Seeking Byzantium on the Borders of Narration, Identity, Space and Time in Julia Kristeva's Novel Murder in Byzantium

Authors

  • Helena Bodin Department of Literature and History of Ideas, Stockholm University

DOI:

https://doi.org/10.7557/13.1464

Keywords:

Grenselitteratur, Julia Kristeva, Murder in Byzantinum, Byzantium, borderland, Anna Comnena, Christian Orthodoxy, total novel

Abstract

This article discusses the notion of Byzantium and Byzantium's potential capacities as a multifaceted borderland, as shaped and perceived in Julia Kristeva's novel Murder in Byzantium. In spite of its title, this is not a historical, but rather a so-called total novel, which reconciles several different plots - romantic, criminal, political and philosophical. It relies on both fictive and historical texts, especially on The Alexiad, written in the 12th century by the Byzantine princess and the first female historian ever, Anna Comnena. Through a literary analysis, this article shows how Byzantium is shaped in the novel by transgressions of the borders of narration, identity, space and time.

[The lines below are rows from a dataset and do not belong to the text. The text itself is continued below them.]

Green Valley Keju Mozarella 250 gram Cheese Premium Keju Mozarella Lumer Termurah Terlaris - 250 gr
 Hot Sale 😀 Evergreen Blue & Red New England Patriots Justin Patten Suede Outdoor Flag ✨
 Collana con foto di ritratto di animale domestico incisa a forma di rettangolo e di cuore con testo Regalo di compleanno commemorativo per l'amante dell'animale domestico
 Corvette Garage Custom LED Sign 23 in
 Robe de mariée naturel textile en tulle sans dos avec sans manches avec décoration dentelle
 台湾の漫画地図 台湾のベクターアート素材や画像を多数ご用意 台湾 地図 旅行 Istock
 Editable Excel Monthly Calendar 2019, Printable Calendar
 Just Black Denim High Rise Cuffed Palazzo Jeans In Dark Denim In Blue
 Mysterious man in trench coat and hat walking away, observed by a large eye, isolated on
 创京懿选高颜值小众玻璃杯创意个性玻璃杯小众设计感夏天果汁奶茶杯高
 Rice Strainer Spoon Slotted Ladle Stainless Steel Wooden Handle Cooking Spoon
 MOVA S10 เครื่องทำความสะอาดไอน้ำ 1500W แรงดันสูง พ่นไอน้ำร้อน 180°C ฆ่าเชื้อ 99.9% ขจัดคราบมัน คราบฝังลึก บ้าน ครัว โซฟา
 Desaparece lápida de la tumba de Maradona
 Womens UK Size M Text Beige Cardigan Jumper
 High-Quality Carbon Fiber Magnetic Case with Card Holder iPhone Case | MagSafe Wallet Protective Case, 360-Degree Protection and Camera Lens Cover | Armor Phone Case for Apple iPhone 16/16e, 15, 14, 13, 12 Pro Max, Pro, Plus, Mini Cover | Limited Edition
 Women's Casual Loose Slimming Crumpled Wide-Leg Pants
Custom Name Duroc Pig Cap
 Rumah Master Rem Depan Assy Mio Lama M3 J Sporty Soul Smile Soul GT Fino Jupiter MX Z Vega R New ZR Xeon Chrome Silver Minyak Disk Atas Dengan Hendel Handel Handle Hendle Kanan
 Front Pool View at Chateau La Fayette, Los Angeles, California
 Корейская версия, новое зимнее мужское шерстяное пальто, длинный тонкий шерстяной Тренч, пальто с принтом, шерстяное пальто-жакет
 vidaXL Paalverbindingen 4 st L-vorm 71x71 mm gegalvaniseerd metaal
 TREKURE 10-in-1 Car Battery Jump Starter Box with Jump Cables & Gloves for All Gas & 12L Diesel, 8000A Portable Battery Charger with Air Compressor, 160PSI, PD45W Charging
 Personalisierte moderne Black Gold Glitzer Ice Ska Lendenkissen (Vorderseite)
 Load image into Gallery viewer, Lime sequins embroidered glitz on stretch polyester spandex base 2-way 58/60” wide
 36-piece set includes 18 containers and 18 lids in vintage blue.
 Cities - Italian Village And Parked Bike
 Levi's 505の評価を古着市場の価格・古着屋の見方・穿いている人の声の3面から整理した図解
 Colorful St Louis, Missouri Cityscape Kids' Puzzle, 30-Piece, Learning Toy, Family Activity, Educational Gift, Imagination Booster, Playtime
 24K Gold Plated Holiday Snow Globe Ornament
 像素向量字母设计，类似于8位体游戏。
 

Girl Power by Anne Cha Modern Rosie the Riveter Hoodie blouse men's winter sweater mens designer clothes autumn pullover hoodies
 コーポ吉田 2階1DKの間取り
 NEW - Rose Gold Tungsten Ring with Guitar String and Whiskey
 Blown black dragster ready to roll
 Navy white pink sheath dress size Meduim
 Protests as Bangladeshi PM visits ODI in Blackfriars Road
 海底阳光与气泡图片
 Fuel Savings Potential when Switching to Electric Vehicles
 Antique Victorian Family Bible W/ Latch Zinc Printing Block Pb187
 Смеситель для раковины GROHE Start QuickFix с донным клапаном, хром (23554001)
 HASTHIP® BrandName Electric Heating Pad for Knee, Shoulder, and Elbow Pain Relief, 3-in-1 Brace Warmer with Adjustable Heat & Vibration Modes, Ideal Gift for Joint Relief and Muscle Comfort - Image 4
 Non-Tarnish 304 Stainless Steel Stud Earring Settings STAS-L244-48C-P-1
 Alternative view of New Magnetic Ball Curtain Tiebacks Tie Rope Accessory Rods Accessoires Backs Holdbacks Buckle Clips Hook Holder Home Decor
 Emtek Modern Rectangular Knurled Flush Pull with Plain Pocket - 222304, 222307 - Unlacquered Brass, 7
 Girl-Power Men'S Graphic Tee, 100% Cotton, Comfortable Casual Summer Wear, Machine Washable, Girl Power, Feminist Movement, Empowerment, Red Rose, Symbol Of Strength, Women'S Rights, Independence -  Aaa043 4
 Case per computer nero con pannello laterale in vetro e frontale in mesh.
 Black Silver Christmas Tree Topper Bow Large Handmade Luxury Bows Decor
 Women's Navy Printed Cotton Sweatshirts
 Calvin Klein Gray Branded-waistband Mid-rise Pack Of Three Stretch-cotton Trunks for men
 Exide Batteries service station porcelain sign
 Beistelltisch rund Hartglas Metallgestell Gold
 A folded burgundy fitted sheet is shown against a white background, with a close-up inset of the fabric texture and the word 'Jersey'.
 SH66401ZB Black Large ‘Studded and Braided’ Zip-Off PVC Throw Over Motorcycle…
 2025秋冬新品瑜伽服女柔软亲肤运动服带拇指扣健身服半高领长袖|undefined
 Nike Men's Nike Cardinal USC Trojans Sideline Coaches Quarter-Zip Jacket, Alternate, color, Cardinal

Byzantium is thus of great interest to the general public and an academic discussion of borders, origin, history and culture, so important for the discussion of Europe's role today in - or, as suggested in the novel, perhaps between - Eastern and Western cultures. 

Author Biography

Helena Bodin, Department of Literature and History of Ideas, Stockholm University

Helena Bodin is Senior Lecturer at the Department of Literature and History of Ideas, Stockholm University. Her dissertation (2002) and articles are dedicated to the study of connections between modern literature and the Byzantine Orthodox Christian tradition and its aesthetics. She is now completing a book on the representation of Byzantium in Swedish and Finno-Swedish literature and culture during the 1950s and 60s.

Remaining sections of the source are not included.